## RECORDS FOR THE TASK
################
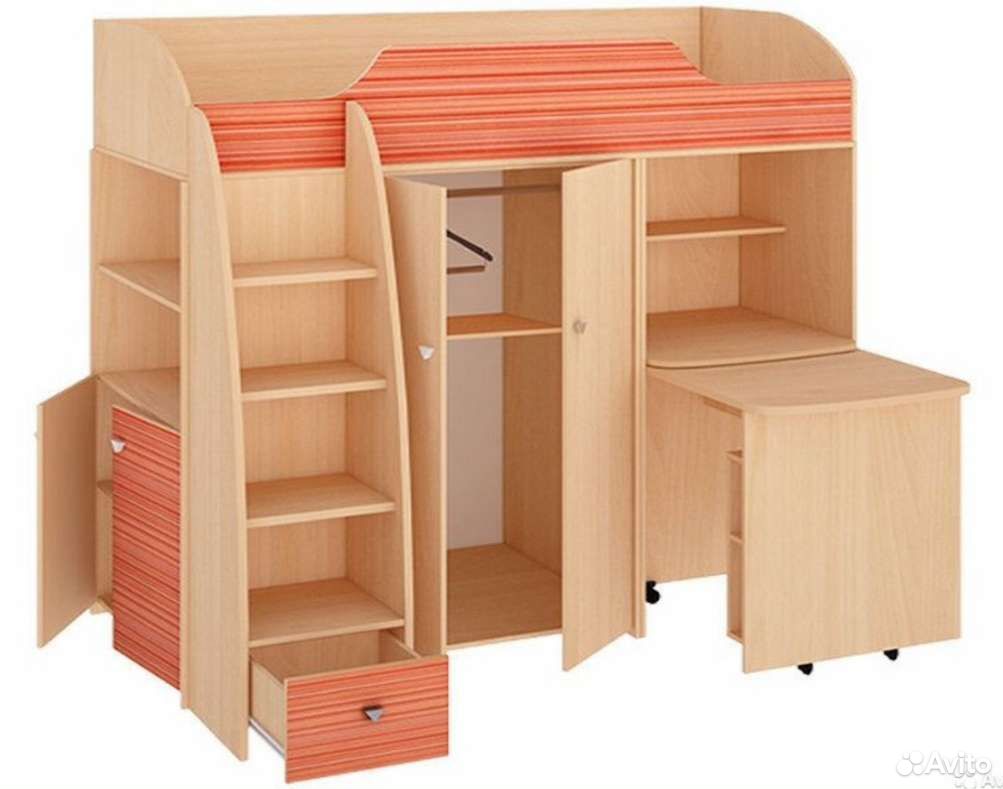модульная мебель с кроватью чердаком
################
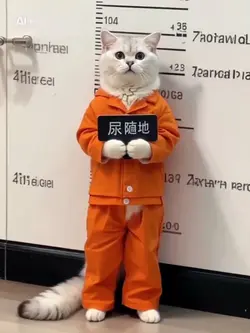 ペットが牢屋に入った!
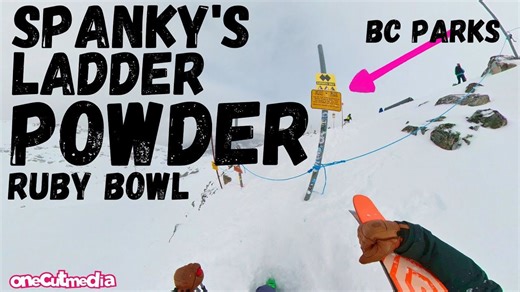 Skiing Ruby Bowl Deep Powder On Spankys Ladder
################
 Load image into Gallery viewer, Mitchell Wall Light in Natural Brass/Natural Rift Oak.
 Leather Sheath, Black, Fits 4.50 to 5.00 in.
################
## ABOUT THIS EXERCISE
Among the entries above, copy exactly the stretch from the line holding "ペットが牢屋に入った!" through the line holding "Skiing Ruby Bowl", leaving out any pictures.

## ANSWER FOR THE TASK
 ペットが牢屋に入った!
 Skiing Ruby Bowl Deep Powder On Spankys Ladder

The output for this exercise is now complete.